Еще одним примечательным персонажем был кладовщик, бывший актер, некогда сыгравший одну из главных ролей в фильме Сергея Герасимова «Молодая гвардия». Он сполна вкусил отечественной славы, был возлюблен зрителями и критиками, увидевшими в нем образец положительного героя и символ советского патриотизма. Зрительская любовь выражалась в постоянных предложениях немедленно выпить, от чего он, конечно, не отказывался. В результате — спился, из театров его выгнали, а в кино перестали снимать. Он нашел в себе силы завязать и лечиться, похоже, действительно вылечился и на «Сталкере» совершенно не пил. Но в актеры его уже не приглашали. Он с интересом наблюдал за съемками и только иногда говорил: «Да-а, в наше время все не так было…» Сценарий он не читал, предпочитая узнавать о ходе событий по мере съемок. Он был добродушен, безобиден и лишь слегка расстраивался, когда требовалось взять что-либо из кладовой, например гвозди или фанеру. «А обойтись без этого нельзя?» — с тревогой спрашивал он. Проситель говорил: «Нет». — «Вот, скотинка», — беззлобно говорил кладовщик и выдавал нужное. Скоро его самого за глаза все стали называть Скотинкой. Он проработал с нами до начала осени, потом его пригласили в какой-то провинциальный театр, и в его душе разыгралась настоящая драма. Он хотел уехать, но страшно переживал, что не увидит, чем все это у нас закончится. В следующем году он с нами не работал, а спустя несколько лет я узнал, что его актерская судьба в этом театре сложилась неудачно, он вновь запил и в результате умер.

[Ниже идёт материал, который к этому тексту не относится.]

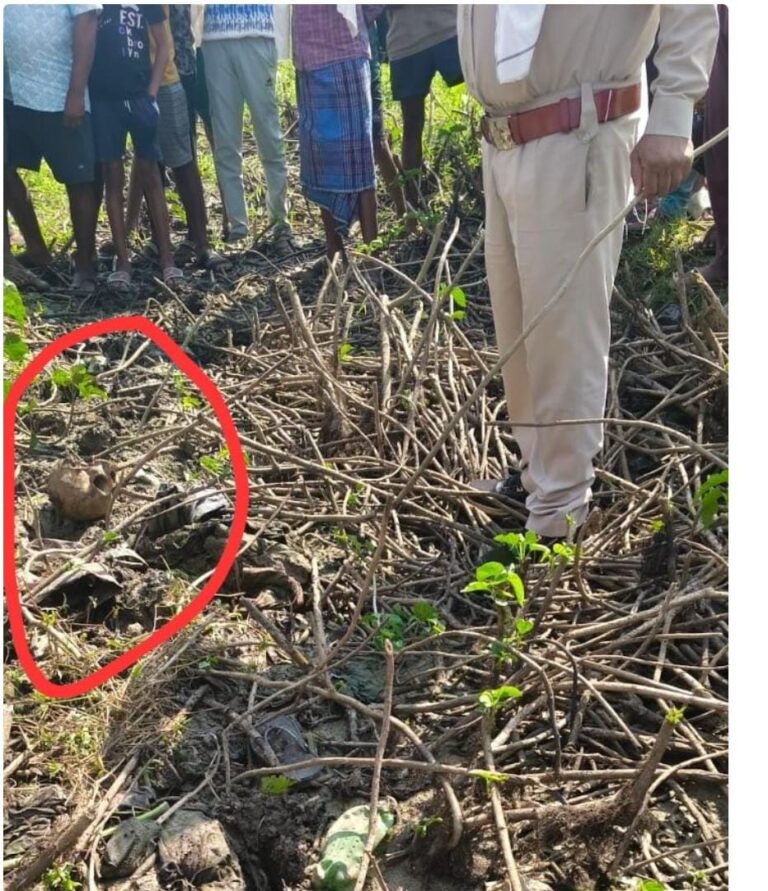 पंडरिया में नाली निर्माण के दौरान मिला नरमुंड, हत्या की आशंका, फॉरेंसिक जांच के लिए रायपुर भेजे जाएंगे अवशेष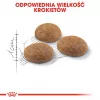 Royal Canin Outdoor cibo secco per gatti 2 kg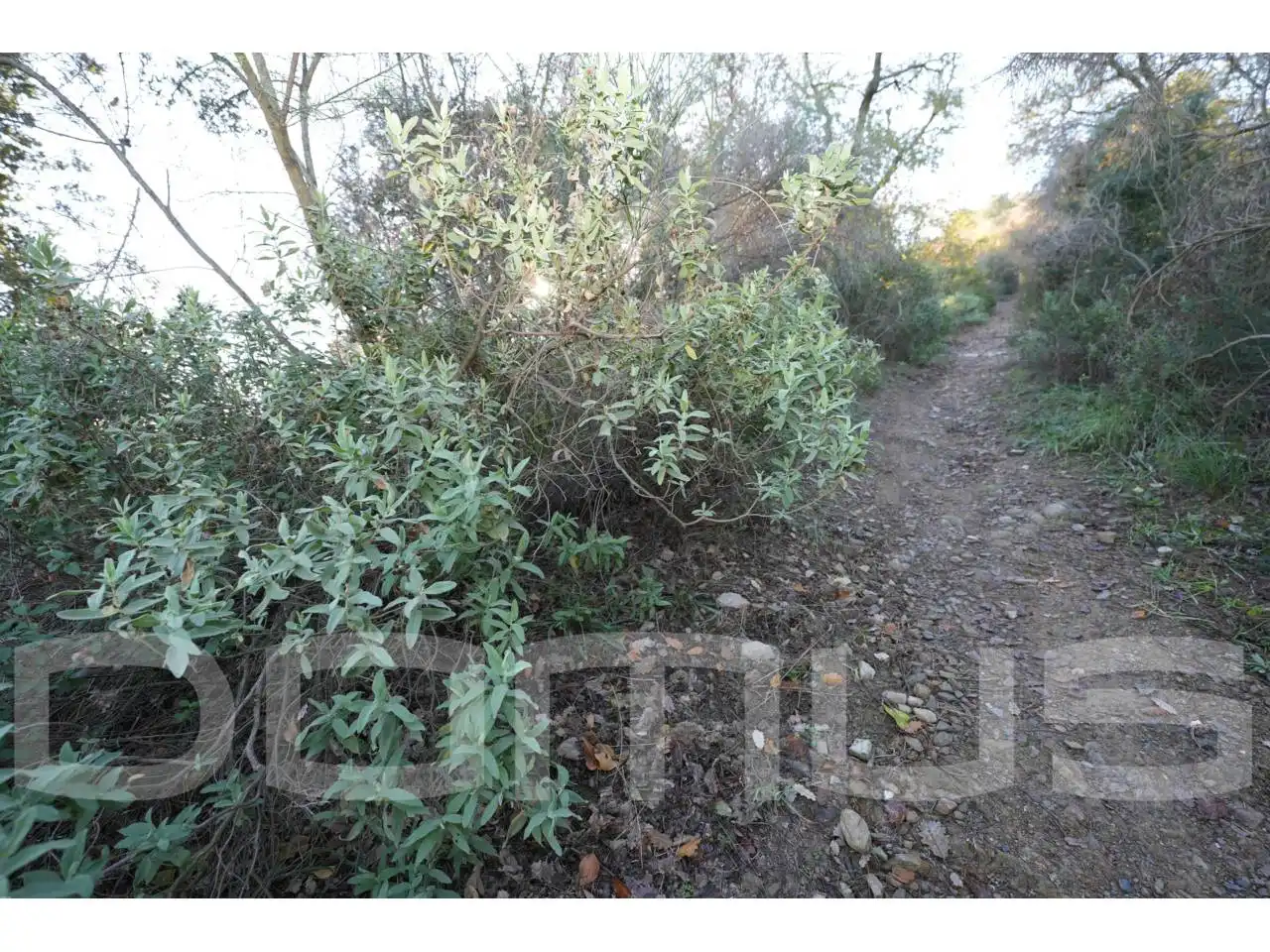 Terreno rústico en venta en Sant Vicenç Dels Horts, imagen 17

К середине мая все было готово к началу съемок.
Начало съемок
Дальнейшее повествование, возможно, покажется некоторым читателям слишком технологичным. Но я должен рассказать, как снимали этот фильм, какие использовались методы, как выстраивали и декорировали кадры, разводили мизансцены, как шла работа с актерами. Я один из последних участников съемок, который помнит и может рассказать эти подробности и детали, не фантазируя и не придумывая.
О съемках я буду рассказывать по порядку, как мы снимали, а не так, как это зафиксировано в монтаже фильма.
Тарковский решил снимать натуру с момента, когда герои фильма, избавившись от дрезины и удивившись разбитым танкам, бронетранспортерам и машинам, отправились пешком в «Зону». Для Андрея Арсеньевича «Зона» была главным, остальные объекты, он считал, можно снять позже, в крайнем случае даже не в Таллине. Пребывание в «Зоне» он хотел снимать строго последовательно, с подхода героев к электростанции.
*Александр Боим: Мы вовремя закончили все, что Андрей хотел декорировать, и начались съемки.
18 мая. Письмо АН — БН: Материал для Тарковского передал с Солоницыным. Если все в порядке, съемки ведутся уже третий день.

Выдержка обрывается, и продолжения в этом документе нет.